### Problem to work on
Take the lines from the one containing "Schwimmbecken auf einem" through the end of the material and write them out exactly, omitting pictures.

### Information supplied
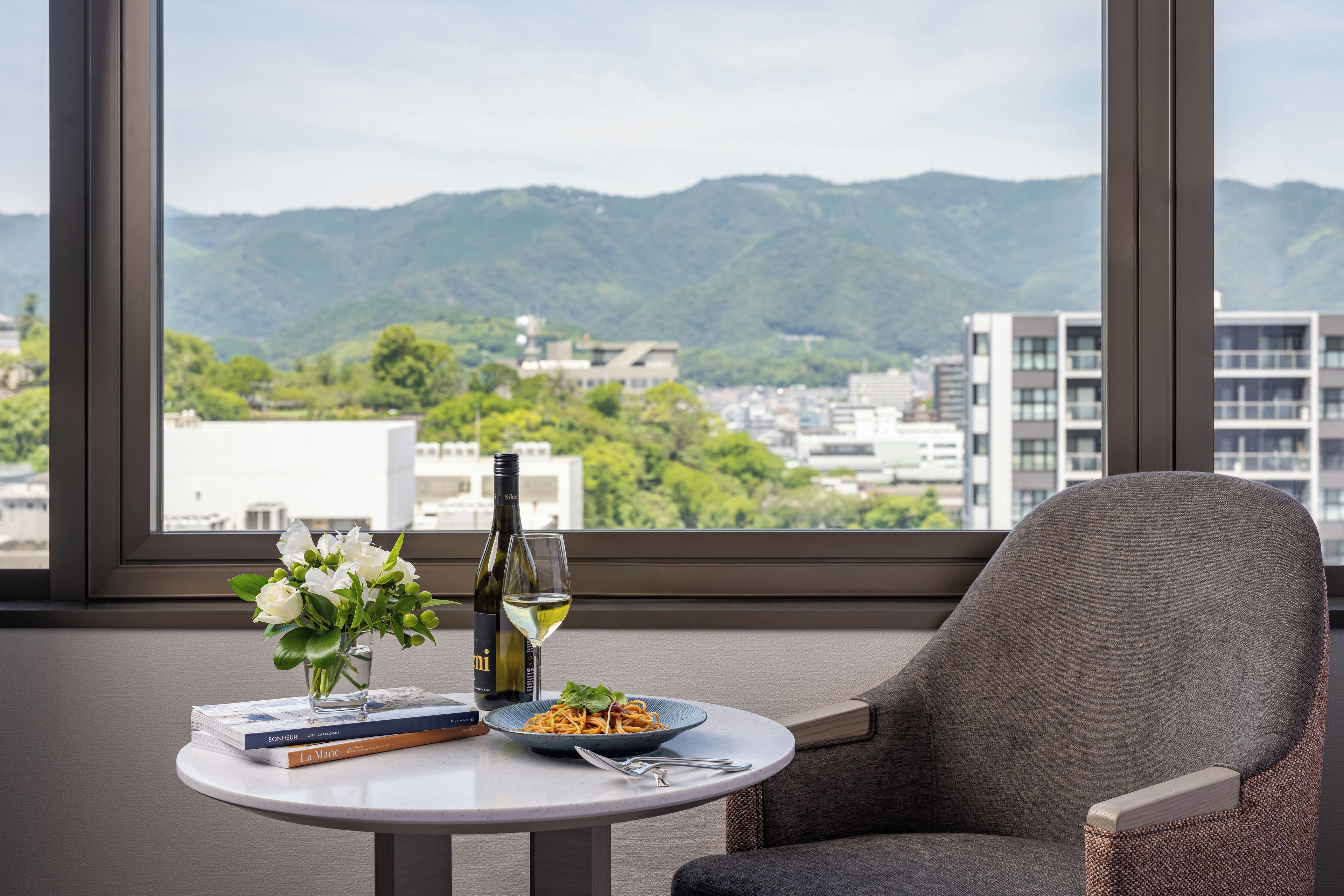 Una habitación con vista a las montañas, una mesa con una botella de vino, una copa y un plato de comida.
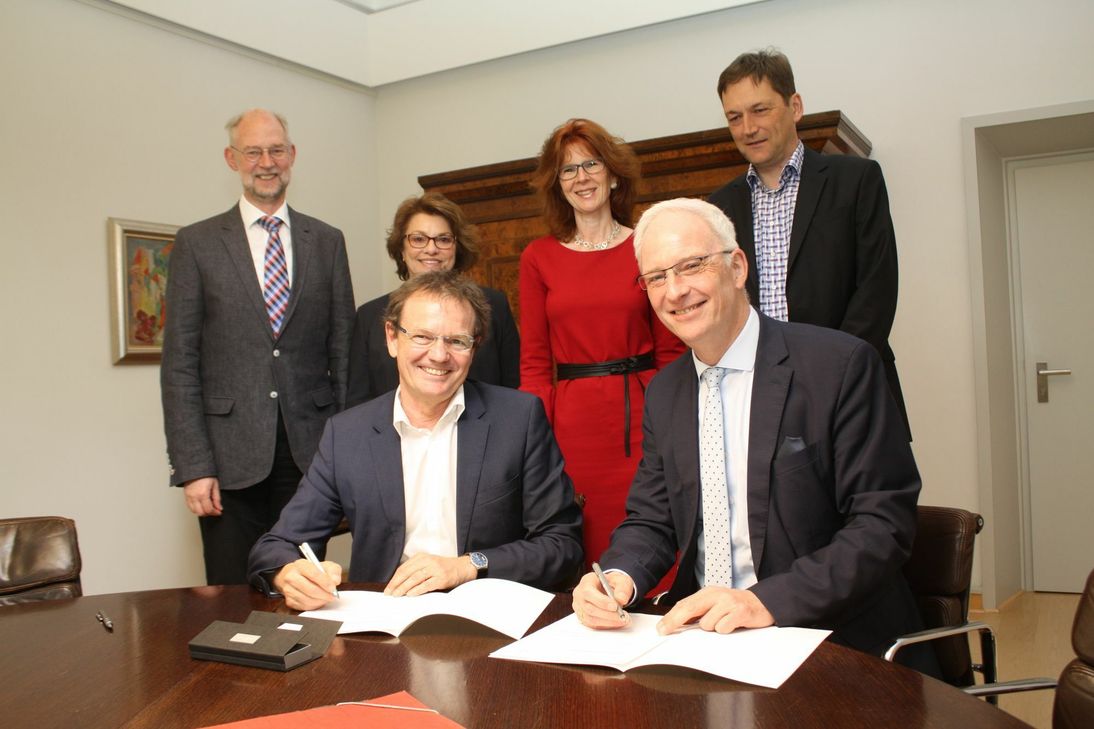 Prof. Norbert Kuhn und OB Wolfram Leibe setzen ihre Unterschrift unter den Kooperationsvertrag. An der Zusammenarbeit waren außerdem beteiligt: Prof. Andreas Künkler von der Hochschule und Beate Weiland, Petra Steinbach und Jörg Lamberti vom Rathaus (v. l.). Foto: Presseamt Trier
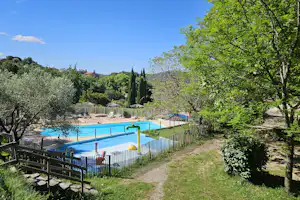 Schwimmbecken auf einem Campingplatz, eingezäunt mit Bäumen und Hecken, daneben ein Weg und Sitzbereich am Zaun.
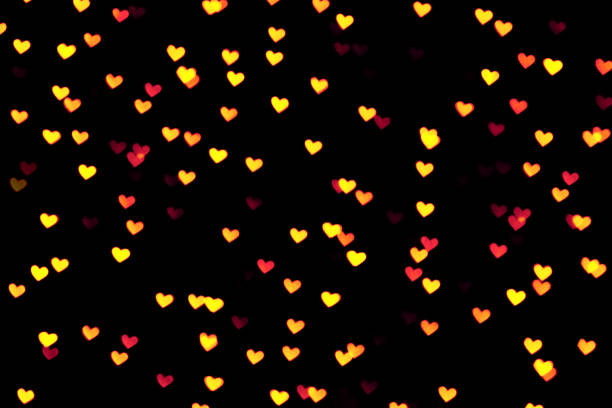 istock Golden colored heart bokeh festive glitter background 1223762736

### Expected answer
 Schwimmbecken auf einem Campingplatz, eingezäunt mit Bäumen und Hecken, daneben ein Weg und Sitzbereich am Zaun.
 istock Golden colored heart bokeh festive glitter background 1223762736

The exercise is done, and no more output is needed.